The reason we lost so much data was that we only do nightly backups. That seemed enough when we started. Now that HN is a bigger part of more people's lives, we'll make more of an effort to make it proof against this sort of problem.

Another point to make is that, even with a lot of data loss, it at least would be good in the future to skip a bunch of post identifiers (potentially even just saying "well, we certainly didn't use 100,000 of them, so I skipped up to 7100000") in order to try to not cause data that used to be there, and may have been archived by various sources including Google Cache or in the various reader clients people use on various devices , to suddenly have been swapped out by different posts leading to wide-spread cache corruption (and further confusion or loss). I mean, even just for the sake of people who may have posted links to this content in various places: maybe they wrote an article or posted a tweet/comment somewhere referencing how great/horrible a post was, and now suddenly it is saying something entirely different and potentially quite awkward ;P.

As a quick example, for those still not sure what I mean: what used to be an article about Python 2/3...


...becomes a comment with numerous references for how to learn arduino hacking.


The problem happens also with HN own search, tried to get comments for first entry of https://www.hnsearch.com/search#request/all&q=openstreetmap

www.hnsearch.com is down itself.

I'll post something more detailed tomorrow, but in terms of data loss, we went down at 2014-01-05 16:10:29 PST and restored a backup from 2014-01-05 01:00:00 PST.

I lied about tomorrow. The "post" of post-mortem requires it be over. Still not done changing things.

Its amazing to think that HN is still someone's "side project"

It seems to be valued much more by the community than those who manage it - this is a problem IMO as there's then an inbalance in the desire of the community to have an optimal tool and the desire of the management which appears to be more to provide something akin to an MVP.

Of course the community is diverse and my view is not necessarily representative of any type of majority.

why? the value of hn isn't the software, but the community.

That's the point.

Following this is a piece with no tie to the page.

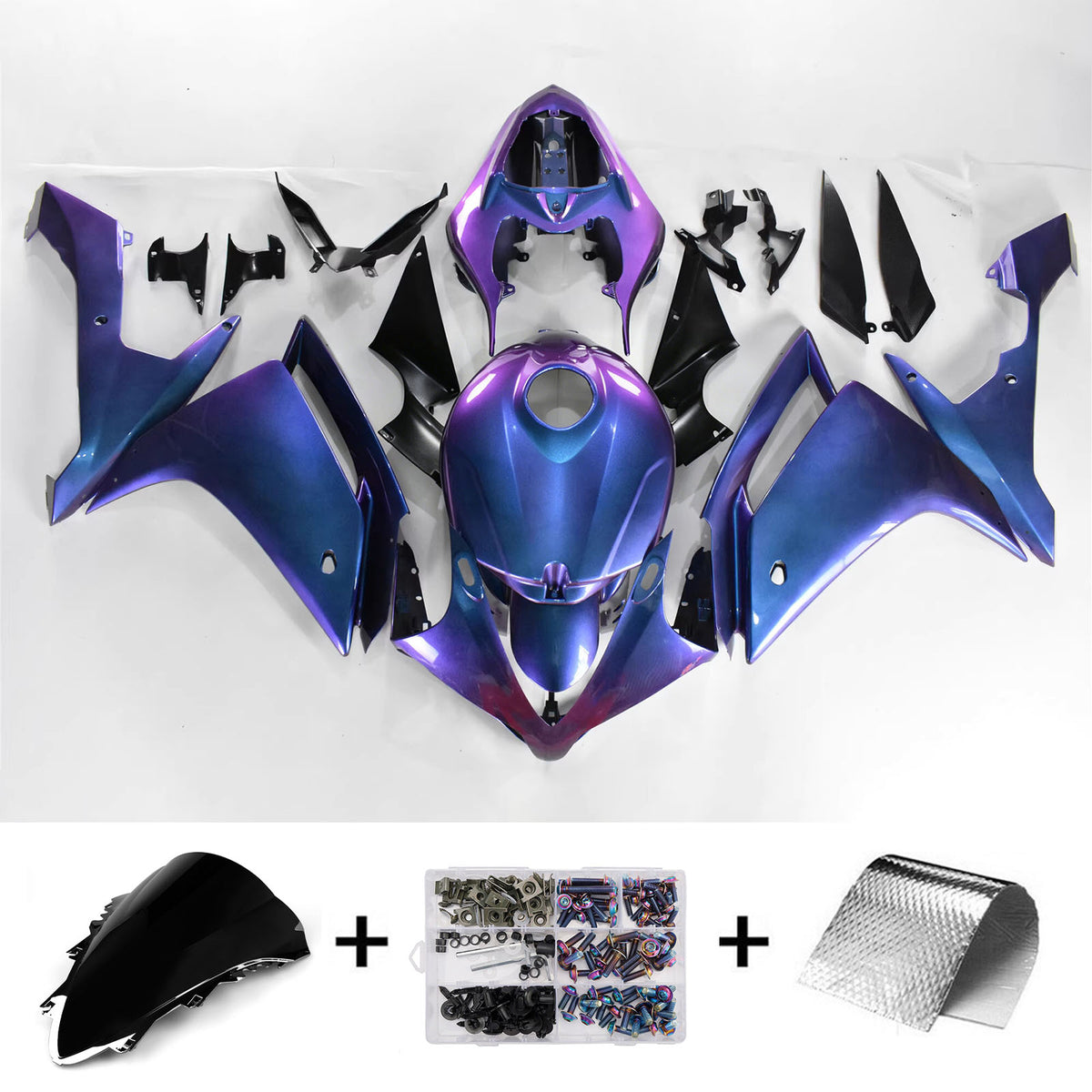 Injection Fairing Kit Bodywork Plastic ABS fit For Yamaha YZF 1000 R1 2007-2008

It's still a side project, but the community has enormous value.

Thanks for the update. I don't think all that much was lost, and a day to restore from a disk failure ain't bad. Please thank Nick and whoever else worked overtime to get things back up and running!

Thanks for the update!

It seems all activity from the past two days has disappeared -- backup storage is something you never regret paying for.

You've probably all seen it by now, but from @HNStatus: [1]

  Server back up and seemingly stable. Now restoring our latest backup to recover from limited filesystem corruption.
[1] https://twitter.com/HNStatus/status/420179162138021888

Yeah, I lost about 200 karma (what was about 15% of my total) in the crash.

Good thing they're just silly internet points :)

I lost 25% of mine! A whole point!

I lost 50%

I hope at some point things reverse, and instead of accruing karma we shed it. When we reach zero--

Thank you for making my paltry 22 lost karma points look so, well, so paltry. ;-)

edit: to clarify "lost" karma

If this were reddit, you'd be getting tipped in Dogecoin as well.

Here, unfortunately, Internet play money is Serious Business.

Just gave you an internet point for having perspective.

And here I was wondering what I was being downvoted for. Turns out: nothing, a post just disappeared :)

Gave you a point so you can feel special again. Here's looking at you, kid.

Indeed, the first time I got something on main page and my karma skyrocketed from 5 to 80 something, I lost all.

Just internet points, fortunately :)

Well you're number 1 on bestcomments [0]. Apparently, this is the most effective way to rack up karma.

[0] - https://news.ycombinator.com/bestcomments

So, you had about 1333 points?

It looks like you've already exceeded that now... Well done! The internet gods must favour you.

I suspect the favour of the Internet Gods would be greater if the user had 1337 points ;)

I gave you back an Internet point.

I lost few comments :(

Now commented back.. Hope the thread owner reads them and replies back.

Here you go, I gave you one back.

Yes I noticed this as well from (the lack of) my own comment activity. I don't comment that often but I had written something yesterday that has disappeared.

On a more general note if anybody has backups and they aren't regularly tested restoring them, then you really don't have backups! As an added bonus, regular restoration tests let you practice for the "real deal" and you know how long the entire process will take.

One of the nicest ways I've experienced of making sure your backups are good is to sync up your development machine with them occasionally. Obviously there are situations like HIPAA where you can't do that, but if you can, do. You'll catch problems with your backups long before you actually need to use them.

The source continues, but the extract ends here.